MATRASNEWS, JAKARTA – Konsorsium Universitas Kejuruan Gangwon, Korea Selatan (G7CC) resmi meluncurkan program G7CC Indonesia 2026. Inisiatif ini menargetkan rekrutmen hingga 1.000 mahasiswa Indonesia untuk melanjutkan pendidikan tinggi sekaligus membangun karier profesional di Korea Selatan.
Program ini dijalankan oleh komite pelaksana NK Global Holdings bersama Korea Medical Business Support System (K-MBSS). Tujuannya menjawab tantangan demografi Provinsi Gangwon yang mengalami penurunan jumlah penduduk usia produktif dan mahasiswa baru. Dampaknya langsung terasa pada kebutuhan tenaga kerja di sektor kesehatan, perawatan lansia, dan industri jasa.
Berbeda dari rekrutmen konvensional, G7CC mengusung model kolaborasi antar universitas. Tujuh perguruan tinggi yang tergabung mengintegrasikan sumber daya, infrastruktur, dan jaringan untuk menciptakan sistem yang lebih efektif dan berkelanjutan.

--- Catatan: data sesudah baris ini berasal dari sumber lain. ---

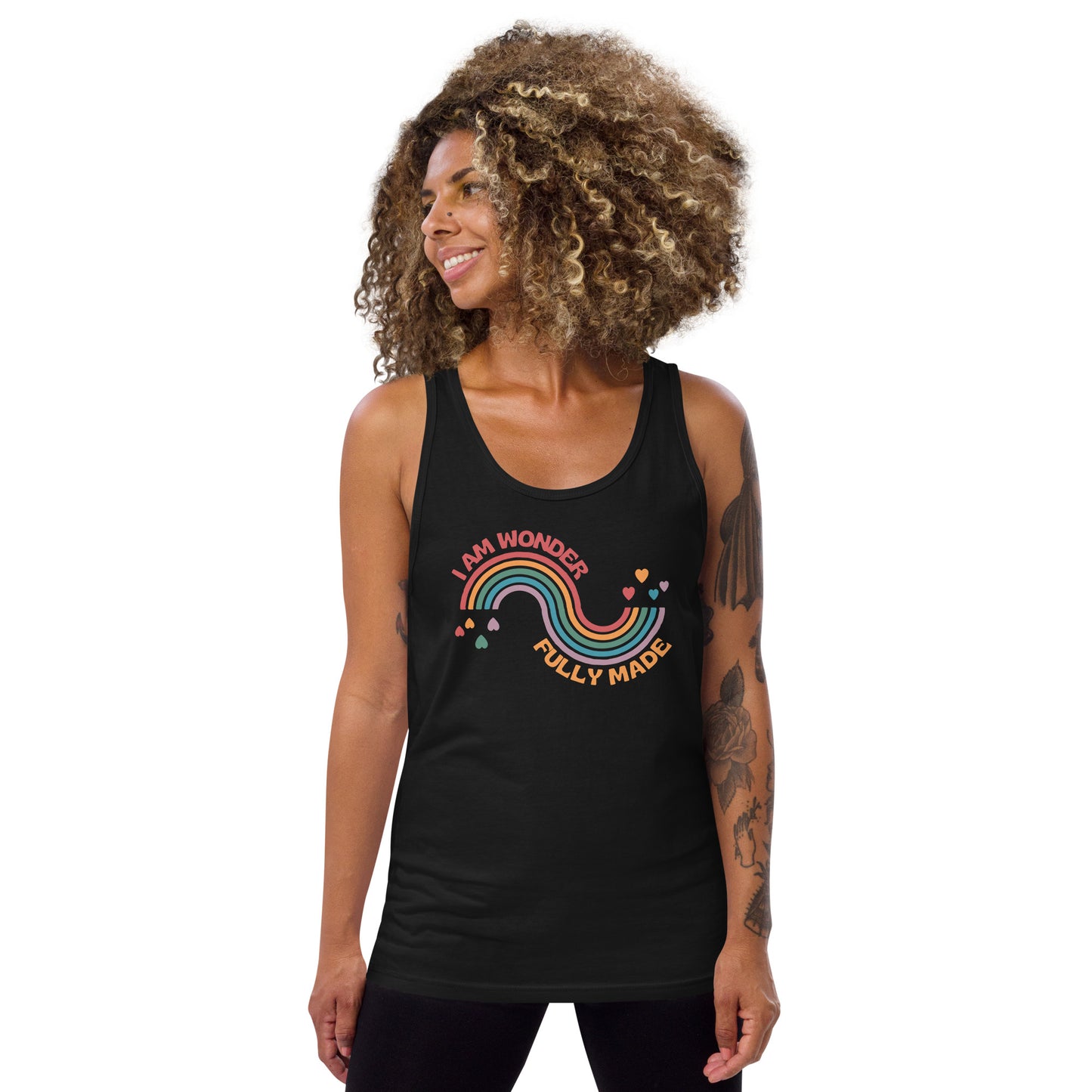 Wonder, Fully Made - Tank Top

Ketujuh kampus tersebut adalah Gangneung Yeongdong University, Gangwon State University, Saekyung University, Songgok University, Songho University, Korea Golf University of Science & Technology, dan Hallim Sungsim University.
G7CC Indonesia 2026 menawarkan dua jalur pendidikan utama sesuai kebutuhan industri Korea Selatan dan tren pasar kerja global:
- Program Perawatan Kesehatan dan Lansia, mencakup studi keperawatan, fisioterapi, radiologi, hingga layanan kesehatan lansia.
- Program Teknis dan Vokasional, meliputi Smart Farm berbasis drone dan kendaraan otonom, K-Beauty, Hospitality Management, Webtoon, e-Sports, hingga Global Golf Industry yang menjadi bagian penting ekonomi kreatif Korea Selatan.
Steering Committee Chairman G7CC, Hyun In Suk, menegaskan program ini bertujuan membina talenta global dan memajukan sektor kesehatan kedua negara. “Menanggapi antusiasme tinggi dan ekspektasi besar dari Kementerian Kesehatan Indonesia serta 38 Poltekkes, kami berkomitmen membangun kerangka kerja sama pendidikan kesehatan yang kokoh demi pertumbuhan bersama,” ujarnya.